What the exercise asks - Only the lines below from the one containing "If you&rsquo;re not" through the one containing "A traditional fish market stall." belong in the answer, repeated exactly and without pictures.

»»

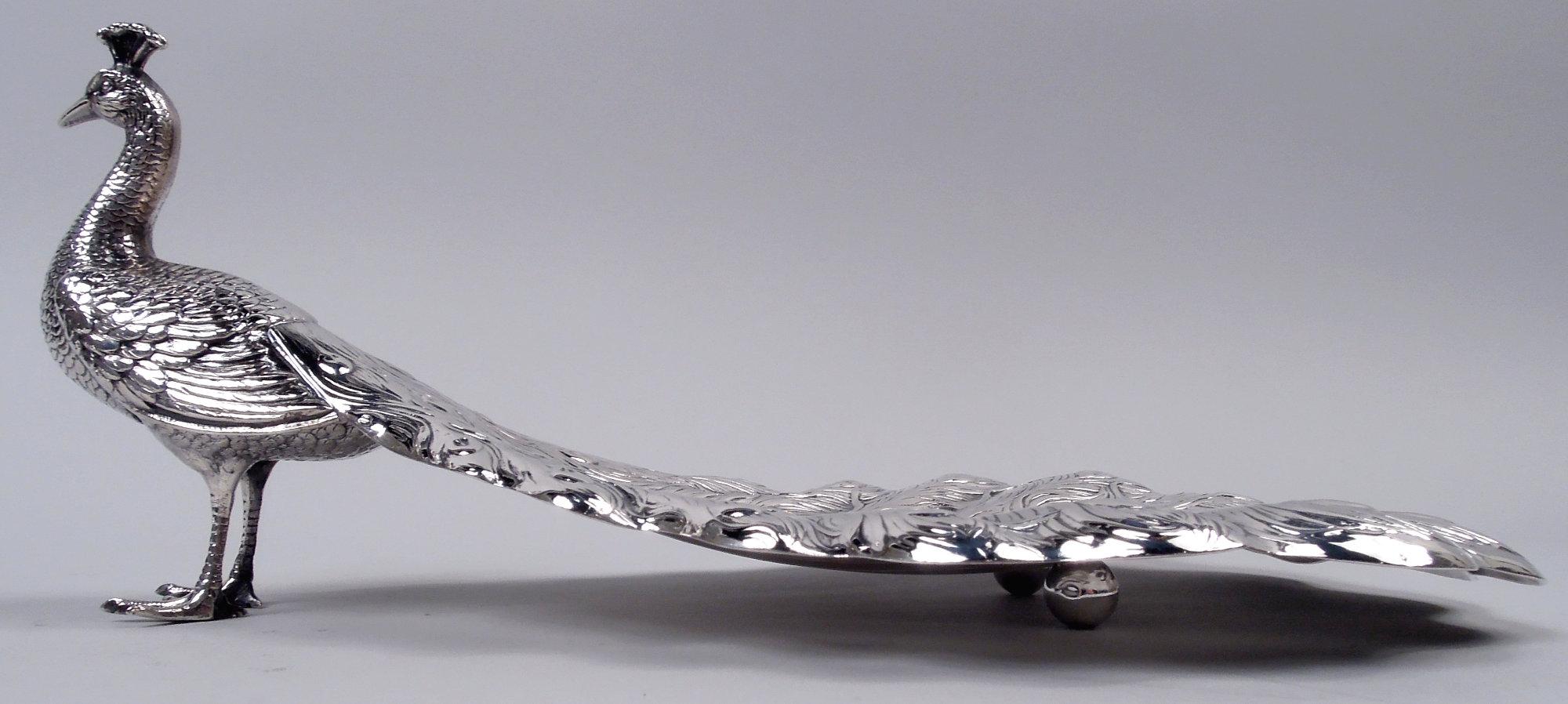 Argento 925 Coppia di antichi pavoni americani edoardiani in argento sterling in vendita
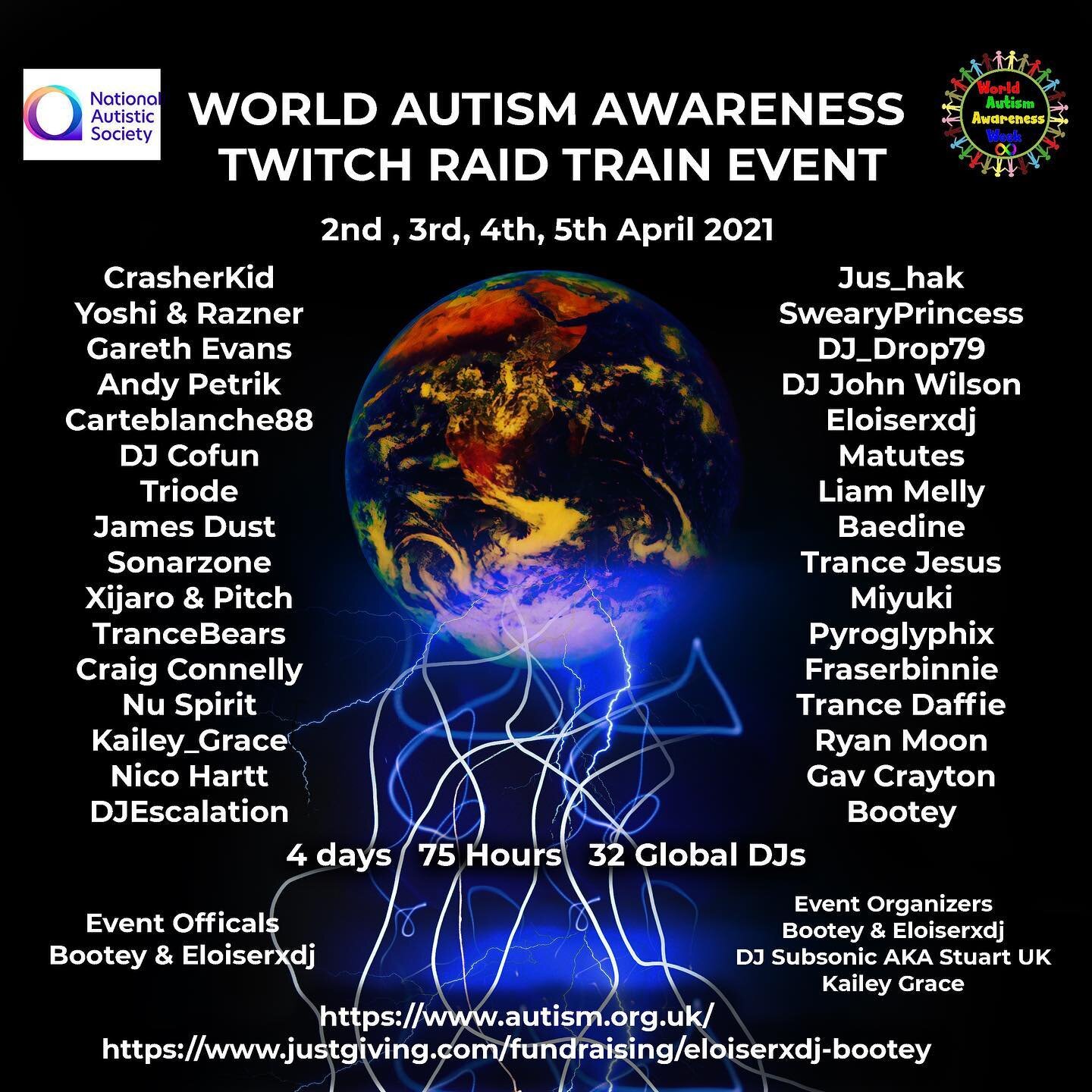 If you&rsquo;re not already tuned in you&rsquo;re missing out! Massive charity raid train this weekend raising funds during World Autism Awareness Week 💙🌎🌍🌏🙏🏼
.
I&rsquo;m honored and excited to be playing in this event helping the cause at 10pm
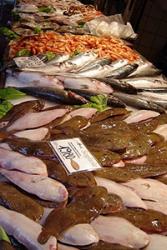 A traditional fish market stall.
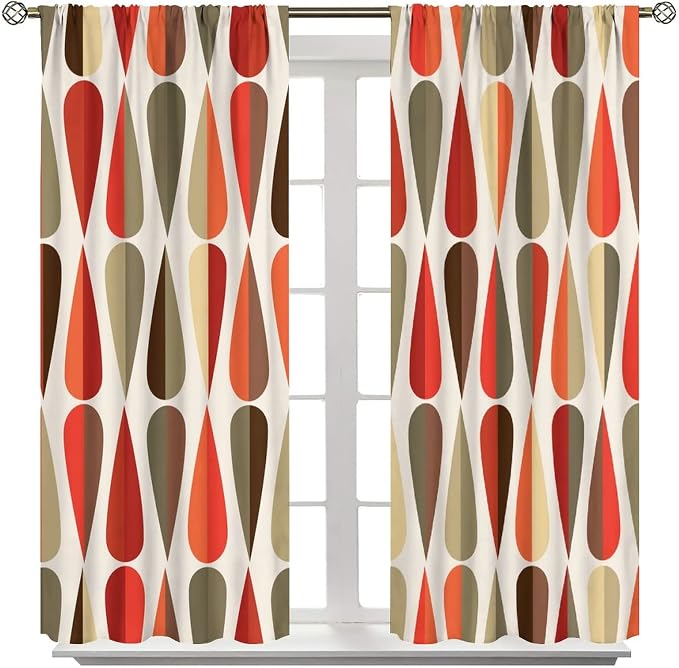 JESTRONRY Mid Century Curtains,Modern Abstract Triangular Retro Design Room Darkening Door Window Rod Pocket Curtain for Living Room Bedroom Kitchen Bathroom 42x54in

««

Exercise answer -
 If you&rsquo;re not already tuned in you&rsquo;re missing out! Massive charity raid train this weekend raising funds during World Autism Awareness Week 💙🌎🌍🌏🙏🏼
.
I&rsquo;m honored and excited to be playing in this event helping the cause at 10pm
 A traditional fish market stall.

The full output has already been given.